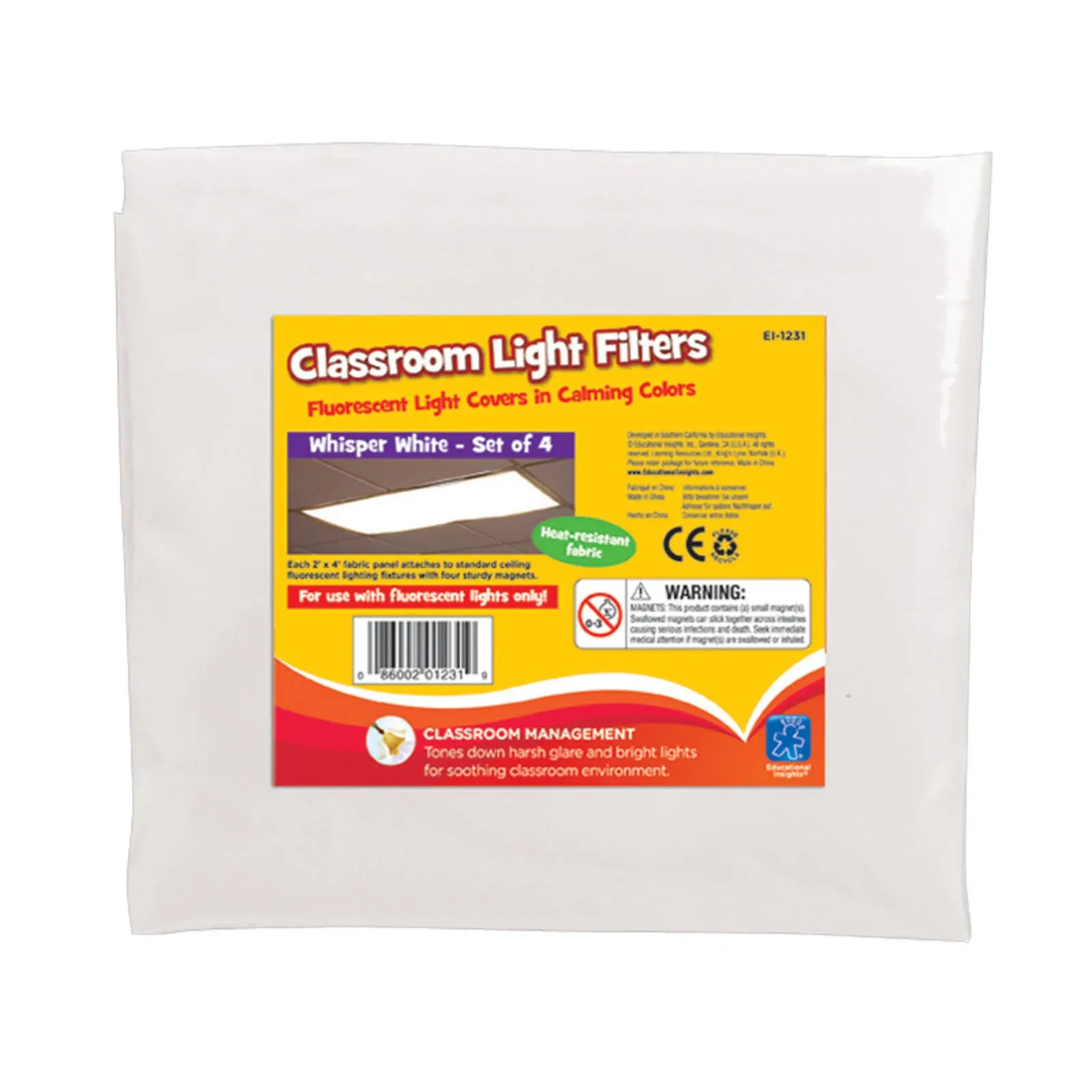 Educational Insights Classroom Light Filters Whisper White, Set of 4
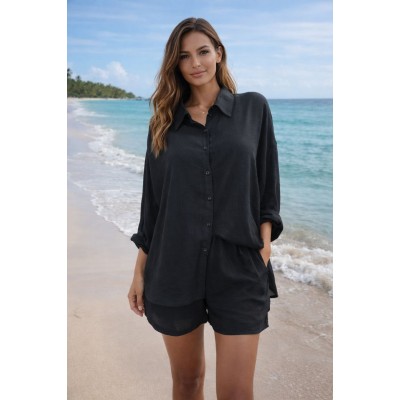 Пляжний костюм - сорочка+шорти №14-284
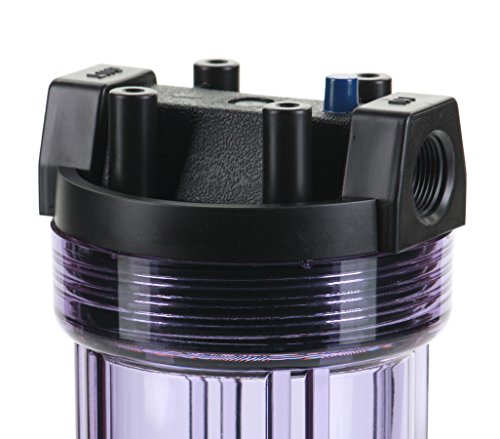 Hydronix HF5-10CLBK34PR Water Filter Housing 10" RO, Whole House, Hydroponics - 3/4" Ports, Clear Body w/PR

TASK TO COMPLETE:
Could you print the material above word for word and skip the images?

TASK RESPONSE:
 Educational Insights Classroom Light Filters Whisper White, Set of 4
 Пляжний костюм - сорочка+шорти №14-284
 Hydronix HF5-10CLBK34PR Water Filter Housing 10" RO, Whole House, Hydroponics - 3/4" Ports, Clear Body w/PR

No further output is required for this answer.